FS#37617 - [kdenlive] Issue with glibc lock elision implementation for Haswell CPU

Attached to Project: Community Packages
Opened by Alphazo (alphazo) - Sunday, 03 November 2013, 10:17 GMT
Last edited by Sergej Pupykin (sergej) - Monday, 24 February 2014, 08:50 GMT
Task Type Bug Report
Category Upstream Bugs
Status Closed
Assigned To Sergej Pupykin (sergej)
Architecture All
Severity Medium
Priority Normal
Reported Version
Due in Version Undecided
Due Date Undecided
Percent Complete 100%
Votes 0
Private No

Details

I just installed ArchLinux on a brand new Intel i7 4770S (Haswell) because my old laptop was unable to handle HD content properly under Kdenlive. I have the exact package versions on both machines but when disabling a simple effect in Kdenlive I get a seg fault on the new machine.

You can see my bug report on Kdenlive bug tracker here: http://www.kdenlive.org/mantis/view.php?id=3186

I then looked at the trace and found this stuff about lock elision that seems very (hardware) specific to Haswell CPU.

http://lwn.net/Articles/534758/
http://halobates.de/adding-lock-elision-to-linux.pdf
http://www.phoronix.com/scan.php?page=n … px=MTQzNDk
http://www.anandtech.com/show/6290/maki … tensions/2

I looked at the PKGBUILD for the current glibc 2.18-9 and it has the "--enable-lock-elision" so I used ABS to recompile it without support for it to see if it would make my Kdenlive work again. And yes problem is gone.

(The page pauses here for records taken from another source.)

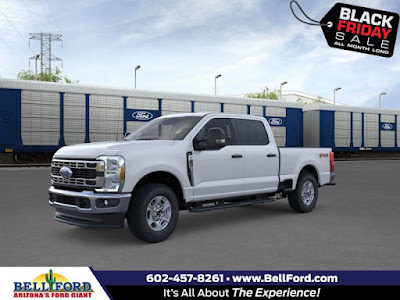 2026 Ford F-350SD
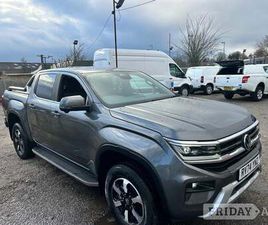 VOLKSWAGEN AMAROK 2024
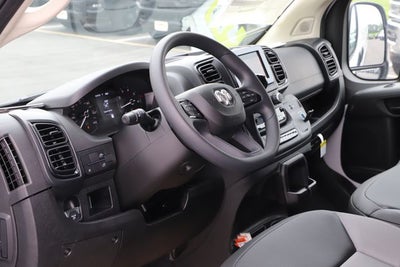 2026 RAM Ram ProMaster RAM PROMASTER 2500 TRADESMAN CARGO VAN HIGH ROOF 136' WB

Is this a problem with Kdenlive code or lock elision implementation in current glibc when ran on Haswell processors ? Don't know if this is related but I also had some issues with Digikam when using the default glibc.
This task depends upon

Closed by  Sergej Pupykin (sergej)
Monday, 24 February 2014, 08:50 GMT
Reason for closing:  Fixed
Additional comments about closing:  patch applied
Comment by Allan McRae (Allan) - Sunday, 03 November 2013, 10:34 GMT
What seems the relevant part of the backtrace in your kdenlive bug report:

Thread 1 (Thread 0x7ffff7f957c0 (LWP 8517)):
#0 0x00007ffff48dd1b8 in __lll_unlock_elision () from /usr/lib/libpthread.so.0
#1 0x00000000006cec6b in ?? ()
#2 0x000000000058355c in ?? ()
#3 0x000000000046ea4f in _start ()

Can you rebuild kdenlive without stripping debug symbols - options=('!strip') - and post the backtrace again.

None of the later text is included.